Fußballerisch hingegen bot Union im ersten Durchgang nicht viel, das die sowieso schon hohen Sympathiewerte weiter hätte hochtreiben können. Nach 45 Minuten stand es 1:0 für Freiburg. Wenn die Pausenführung nicht unverdient war, lag das nicht daran, dass die Gastgeber einen überzeugenden Auftritt hingelegt hätten – aber die etwas bessere der beiden Mannschaften waren die Gastgeber eben schon. 1:6 Ecken und nur 42 Prozent an gewonnen Zweikämpfen lauteten aus Union-Sicht die entsprechenden Parameter.

Nun war es nicht so, dass die Berliner chancenlos gewesen wären. In der 13. Minute verfehlte ein 25-Meter-Freistoß von Christopher Lenz das Freiburger Tor nur knapp, ehe nach gut einer halben Stunde erstmals der SC-Keeper eingreifen musste. Nach einem eher unfreiwilligen Doppelpass zwischen Christian Gentner und Sebastian Andersson kam der ehemalige Stuttgarter zum Abschluss, doch Alexander Schwolow lenkte den Schuss zur Ecke (29.). Freiburg, das mehr vom Spiel hatte, ohne allerdings allzu oft gefährlich zum Abschluss zu kommen, profitierte kurz darauf von einem Zuordnungsfehler in der Berliner Defensive, als Roland Sallai nach einem Eckball von Vincenzo Grifo zum 1:0 einköpfen konnte. Zuvor hatte Gentner den langen Ball nicht erreicht, ehe Robert Andrich zu spät kam.

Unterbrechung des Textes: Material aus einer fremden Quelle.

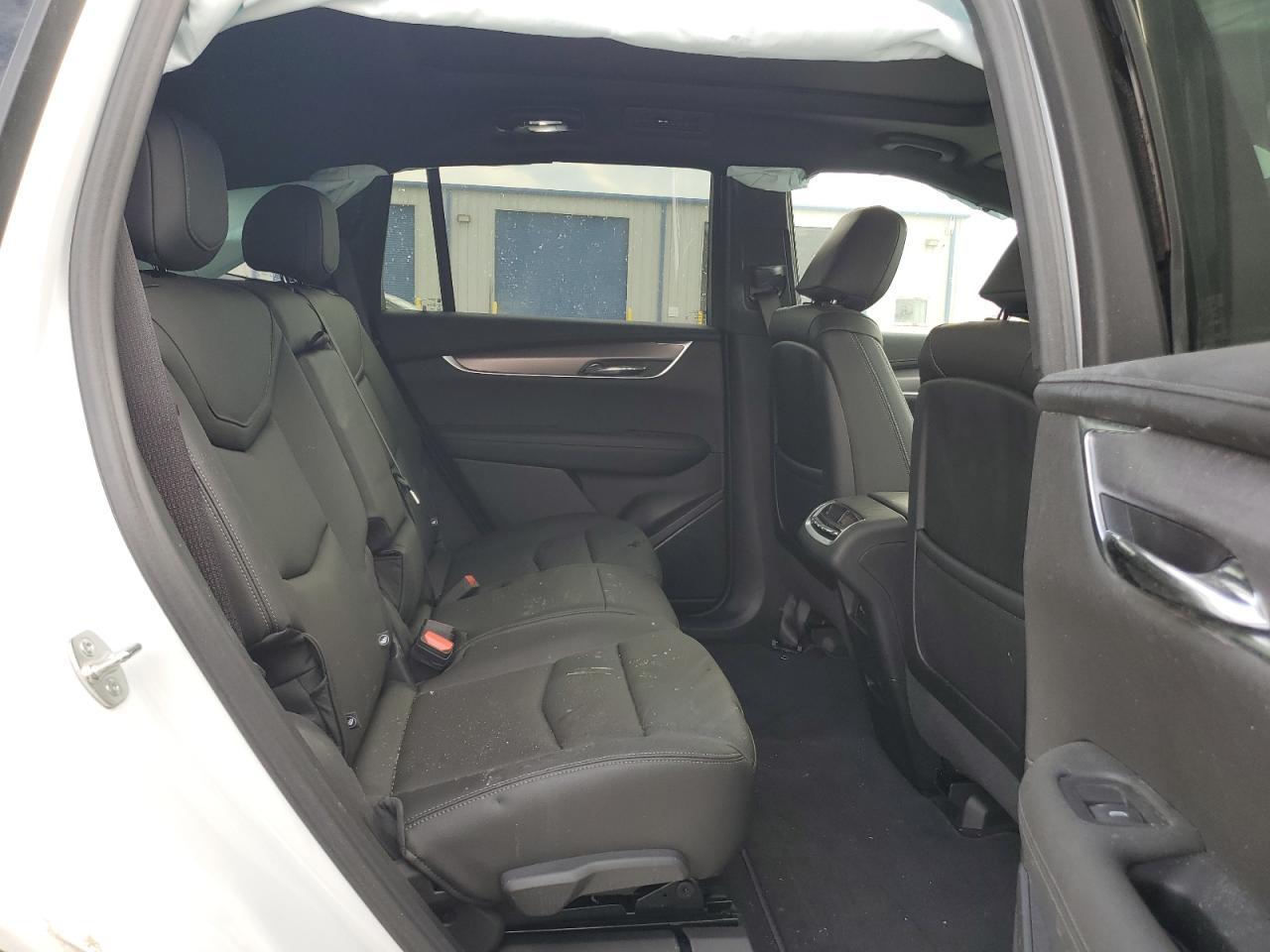 2025 CADILLAC XT6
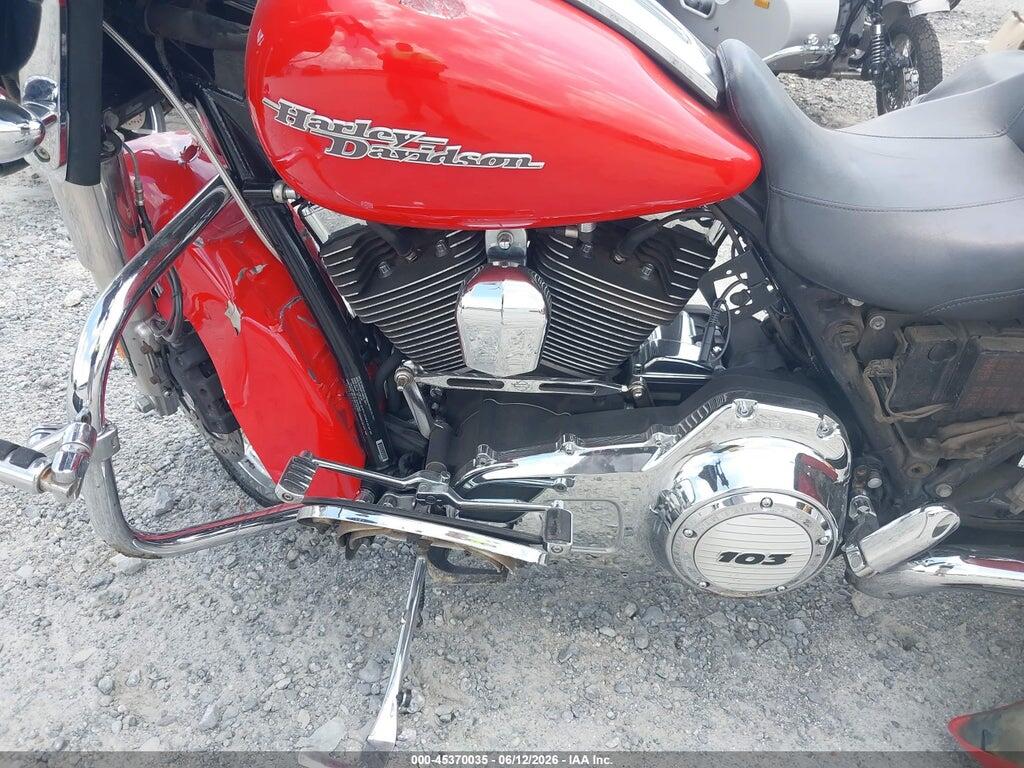 1HD1KBM11BB666819 2011 HARLEY-DAVIDSON FLHX photo no. 9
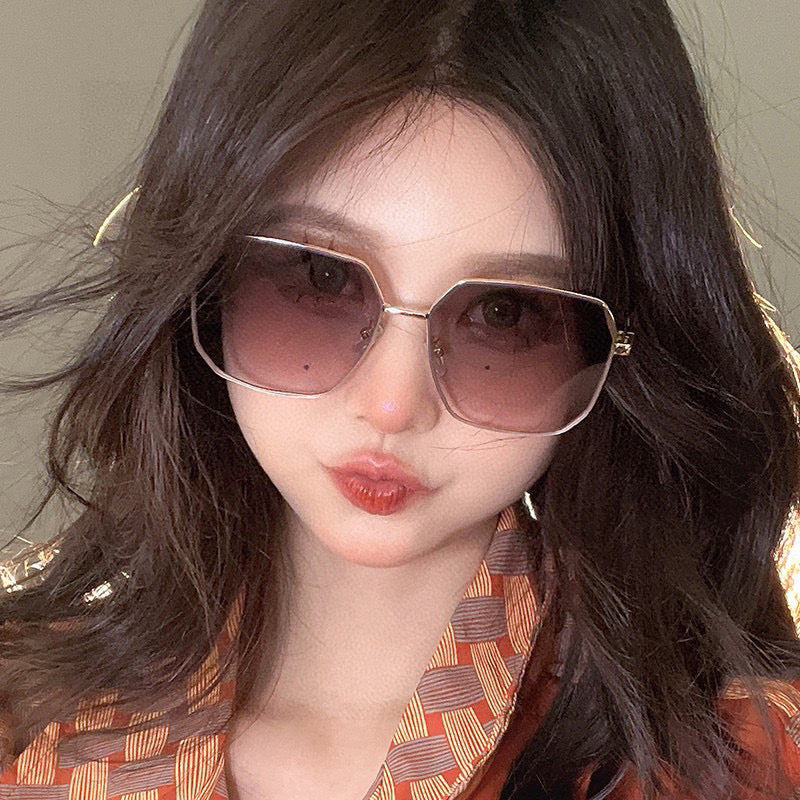 China Replica Chanel Sunglasses 28usd Only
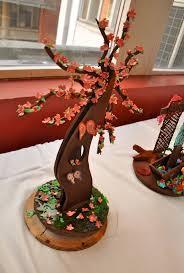 Un Arbre De Fleur De Cerisier Au Chocolat Pour Le Printemps Chocolate Showpiece Arbre Au Ceri Chocolate Showpiece Chocolate Tree Chocolate Sculptures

Gelb-Rot gegen Marvin Friedrich

Während der gesamten Partie artikulierten beide Fankurven ihren Protest gegen Kommerzialisierung und Kollektivstrafen, verzichteten dabei allerdings auf Beleidigungen gegen Hoffenheim-Mäzen Dietmar Hopp. Während die Freiburger Seite DFB mit „Dietmars Fußball Bund“ abkürzte und den ehemaligen SC- und jetzigen DFB-Präsidenten Fritz Keller („nichts kapiert“) kritisierten, schrieb die Gästekurve dem DFB ins Stammbuch, dessen Dialogangebote seien „mehr Schein als Sein“.

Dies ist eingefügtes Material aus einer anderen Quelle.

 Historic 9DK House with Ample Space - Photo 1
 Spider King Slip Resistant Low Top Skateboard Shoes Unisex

Trotz mancher synchron gestarteter Aktion mit den Freiburger Kollegen verfinsterte sich die Stimmung im Union-Block dann allerdings nach Wiederanpfiff nachhaltig, während auf der Nordtribüne Partystimmung herrschte. Der Grund für die unterschiedlichen Gefühlslagen war hingegen derselbe: Christian Günters Gewaltschuss bedeutete das 0:2 aus Sicht von Union (55.). Vier Minuten später hätte Jonathan Schmid fast auf 3:0 erhöht. Und als sich die ersten Zuschauer bereits fragten, welchen Zweck die nach wie vor abwartende Spielweise der Berliner nach einem Rückstand bezweckte, fiel der 1:2-Anschlusstreffer. Nach einem Eckball von Christopher Trimmel köpfte Andersson unhaltbar zum zwischenzeitlichen 1:2 ein (61.).

Aus meiner Sicht war es ein verdienter Sieg für Freiburg. Freiburg war nicht unbedingt die bessere Mannschaft, sondern die Mannschaft, die es irgendwo mehr gewollt hat. Freiburg war eine Spur ekliger. Wenn wir uns nicht am Limit bewegen, dann wird es schwierig.“

Urs Fischer

Um den Offensivaktionen mehr Punch zu verleihen, wechselte Urs Fischer kurz darauf Marcus Ingvartsen für Yunus Malli ein, der nicht überzeugen konnte. Doch auch der Däne konnte nichts mehr ausrichten. In der Nachspielzeit musste zu allem Unglück auch noch Unions Verteidiger Marvin Friedrich den Platz nach einem Foul an Nils Petersen mit gelb-roter Karte verlassen. Das Spiel war zu diesem Zeitpunkt allerdings bereits entschieden, nachdem Robin Koch aus dem Gewühl heraus den Ball zum 3:1-Endstand über die Linie gedrückt hatte (82.).

"Aus meiner Sicht war es ein verdienter Sieg für Freiburg. Freiburg war nicht unbedingt die bessere Mannschaft, sondern die Mannschaft, die es irgendwo mehr gewollt hat. Freiburg war eine Spur ekliger. Wenn wir uns nicht am Limit bewegen, dann wird es schwierig", befand Union-Trainer Urs Fischer.